How B2B Marketing is Changing – ep 26

Hacks and tactics are dying. Here is what works instead

Marketing is being flipped on its head, and most players don’t even realize it. All they see is the constant change, but few realize the driving forces, let alone the direction we’re heading.

This is actually good news, as you will see.

Over the past two decades, part of the reason we’ve come to love digital marketing is our ability to target, measure, test and scale. Ads, campaigns, remarketing, everything.

Bye-bye targeting

But if you think about it, marketers today actually have LESS ability to

  1. target
  2. measure and attribute
  3. retarget

people or accounts, than even just a few years ago. Add to that the “GDPR effect” – which is severely limiting the ability of marketers to build user profiles and do email marketing.

Not only GDPR, but search engine marketing is becoming a less dependable source of quality traffic. Google has been changing its results pages by providing quick answers to searches and other, so-called “SERP features”. These result in fewer people clicking on your hard-earned #1-10 ranking.

Is it brighter on the B2B side?

In a B2B context, things seem to be somewhat brighter; you now have more data sources than before » you can purchase intent data (of companies searching for specific topics) from providers like Zoominfo, Bombora or G2. You can enrich contact data with Lusha, Apollo and what not…

This sounds like good news until you realize that the way companies use this data is cold outreach and outbound-heavy scenarios… which just happen to have diminished in efficiency over the past couple of years, because of the way people are buying B2B stuff is changing.

So while in B2B, you have more data sources and better technology than before, it tends to drive “bad behavior”. That is, marketing and sales processes that are cold and interruptive.

So, the B2B marketing game hasn’t gotten any easier either.

Contrary to most, we actually welcome these changes.

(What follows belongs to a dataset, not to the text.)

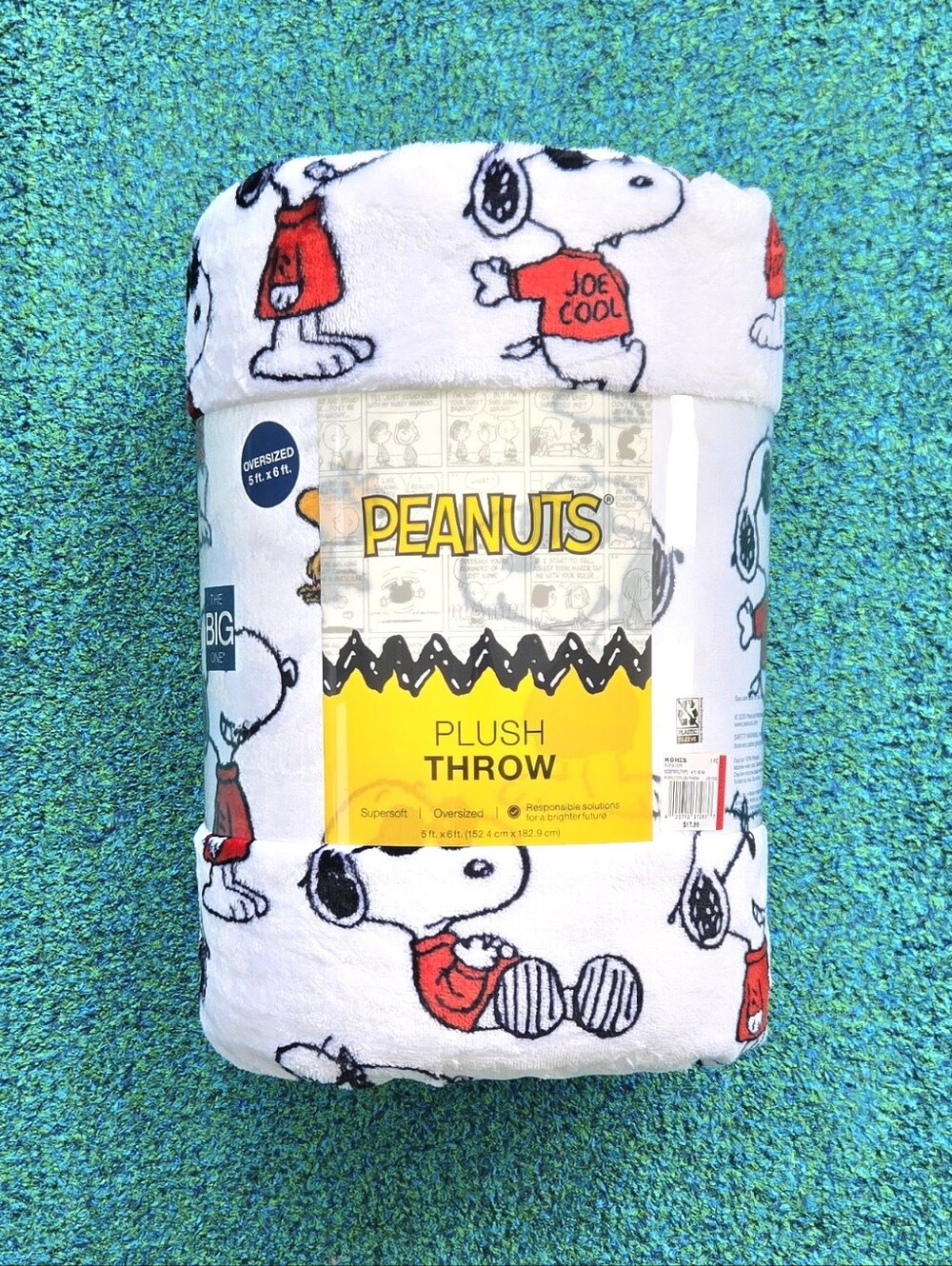 Snoopy & Woodstock Joe Cool Oversized Throw by Kohl's - 5 ft X 6 ft - Picture 3 of 4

As in, almost celebrating them.

Why? First of all, it benefits buyers. Better privacy, for the most part, makes for a better internet experience. Second of all, it forces companies to rely less on hacks and more on strategy.

The solution: strategy

When hacks stop working and strategy prevails, the game will become cleaner. Hacks have the ability to trick people into taking action. On the other hand, strategy is a long-term game. It is much harder to be manipulative when the majority of the market is “forced” to play the long-term game.

All in all, we see that in the coming years, it’s not going to be the best ppc, social, seo, influencer etc. hacks that fuel growth. These will still be important pieces of the growth puzzle, but it’s

  1. understanding customers
  2. creating flawless positioning
  3. having great messaging and
  4. executing marketing plays

are the things needed to win. Anybody can learn hacks. But excelling on a strategic level is partly science, partly art and needs rock solid foundations.

This conversation was inspired by episode 316 of the Perpetual Traffic podcast, where Ryan Deiss and Ralph Burns talk about how digital marketing is becoming a lot like “mass marketing”.